The Court in this case stated that where the early generations of video games may have lacked the requisite expressive element, being little more than electronic board games or computerized races, current games involve intricate, "if obnoxious," story lines, detailed artwork, original scores, and a "complex narrative". The Court found that these games are expressive and are protected by the First Amendment.

The defendants argued that even if the video games captured by the legislation are expressive, they fall into one of the few categories of speech that have been historically unprotected, namely, obscenity. Though the Court recognised that graphic depictions of depraved acts of violence (such as the murder, decapitation, and robbery of women in Grand Theft Auto Vice City) fall well within the more general definition of obscenity, it nevertheless held that when used in the context of the First Amendment, the word "obscenity" means material that deals with sex. The U.S. Supreme Court has held that state statutes designed to regulate obscene material must be drafted narrowly to cover only "works which, taken as a whole, appeal to the prurient interest in sex, which portray sexual conduct in a patently offensive way, and which, taken as a whole, do not have serious literary, artistic, political, or scientific value" (Miller v. California, 413 U.S. 15, 18 n. 2, 93 S.Ct. 2607, 37 L.Ed.2d 419 (1973)).

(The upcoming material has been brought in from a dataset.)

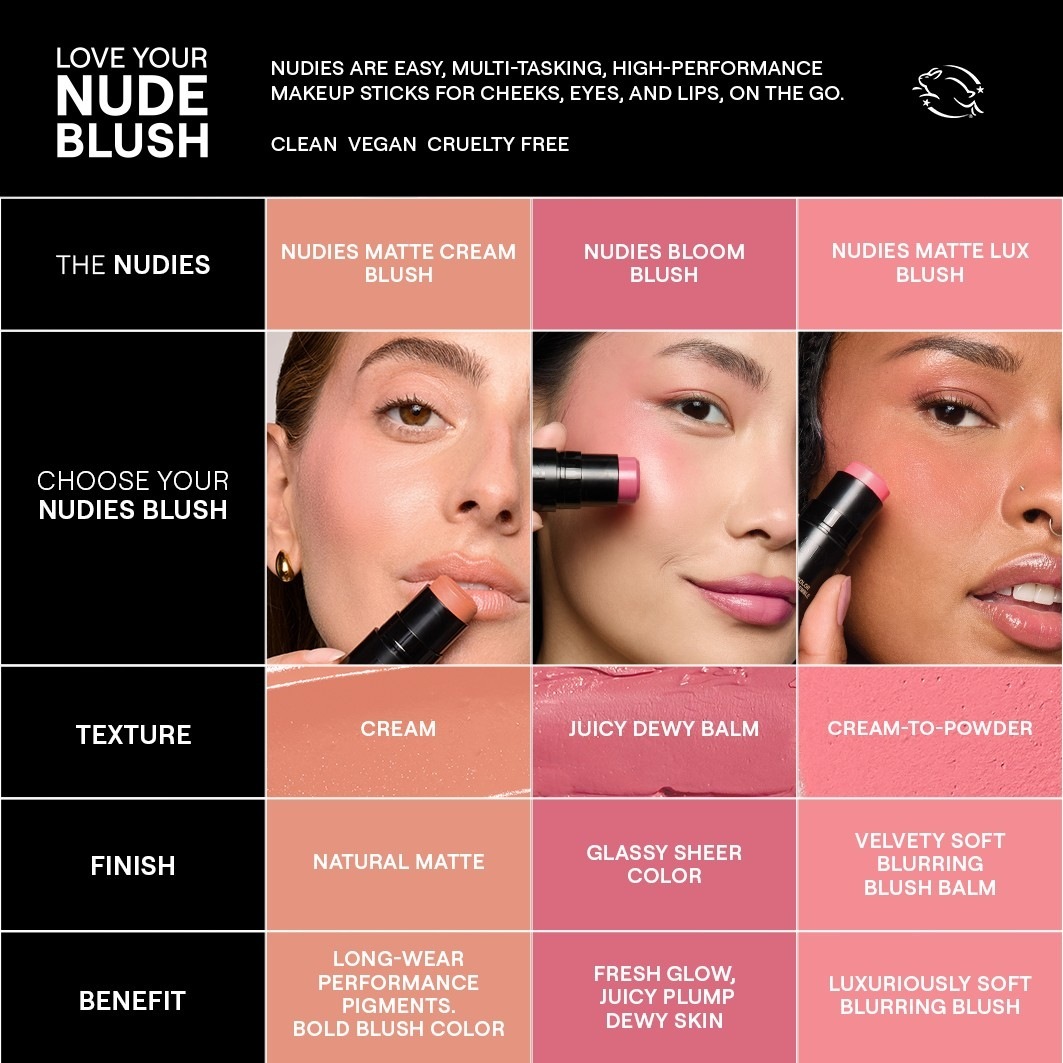 Nudestix Blush Nudies Bloom All Over Dewy Color - 7 g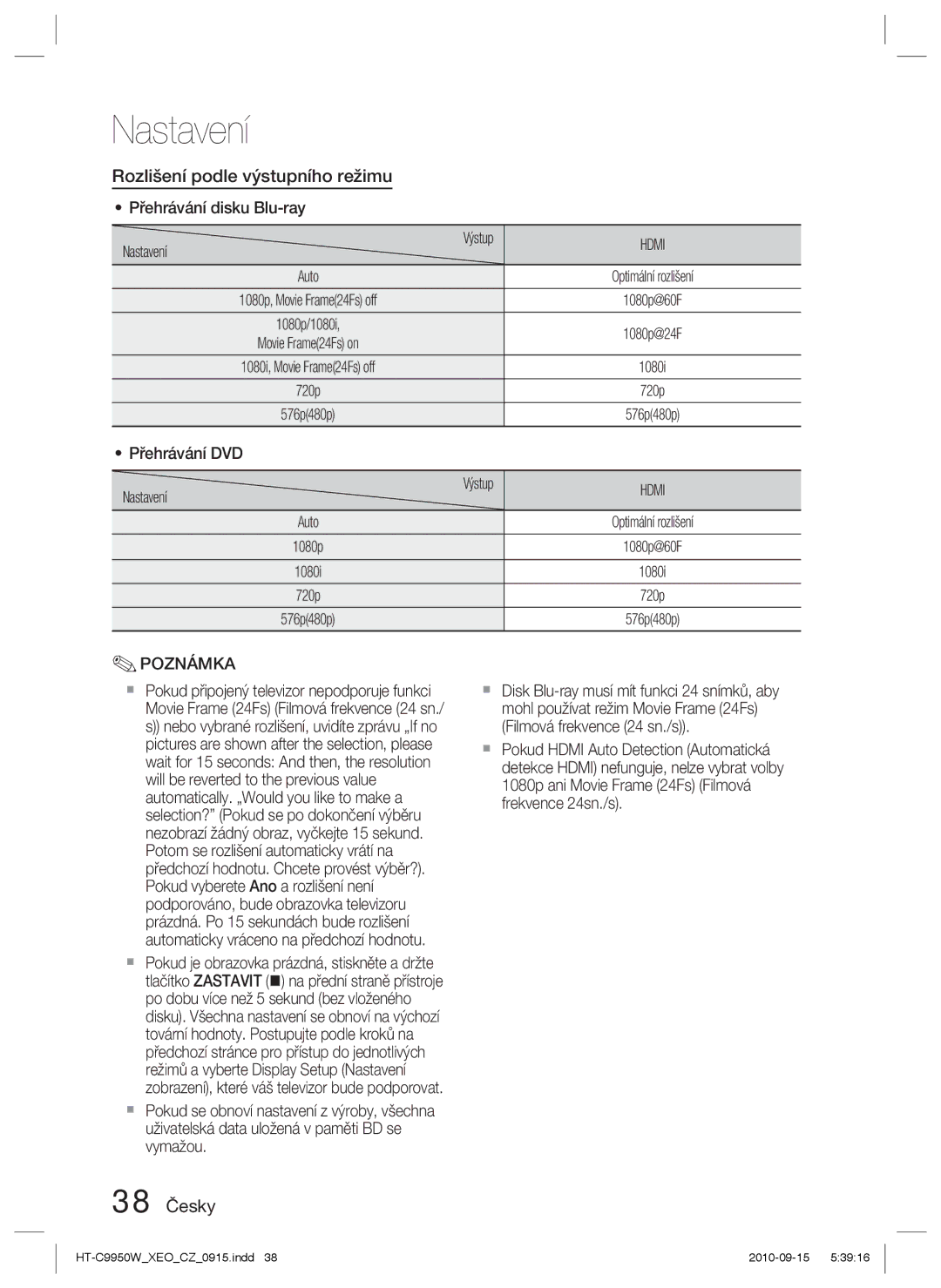 Samsung HT-C9950W/EDC manual Rozlišení podle výstupního režimu, 38 Česky, Přehrávání disku Blu-ray Nastavení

The defendants argued that the Court should expand the definition of obscenity to include graphic portrayals of violence. The Court held that historical justifications for the obscenity exception do not apply to depictions of violence. The Court reasoned that the punishment of lewd speech has "very little, if any," impact on the free expression of ideas, whereas depictions of violence "have been used in literature, art, and the media to convey important messages throughout our history, and there is no indication that such expressions have ever been excluded from the protections of the First Amendment or subject to government regulation." The Court declined to expand the narrowly-defined obscenity exception to include graphic depictions of violence.

Finally, the defendants argued that the state should be permitted to determine what speech or ideas are wholesome enough to disseminate to minors, even if the speech is protected under the First Amendment. The Court, after reviewing the case law, held that the defendants cannot prohibit the dissemination of otherwise protected speech simply because the audience consists of minors. The right to free speech protected by the First Amendment is no less fundamental if you are fourteen than if you are forty.

Strict Scrutiny

The Court held that because the video and computer games at issue in this litigation were expressive speech protected by the First Amendment, strict scrutiny applies. Under this analysis, the law will be upheld only if defendants can show that the regulation is necessary to serve a compelling state interest and that it is narrowly tailored to achieve that interest. 

a. Compelling State Interest

The defendants argued that "[t]he Legislature was motivated to curb hostile and antisocial behaviour of youths, including violence and aggression toward law enforcement officers." Federal courts have repeatedly recognized that the state has a legitimate and compelling interest in safeguarding both the physical and psychological well-being of minors. However, simply identifying a compelling state interest is not enough.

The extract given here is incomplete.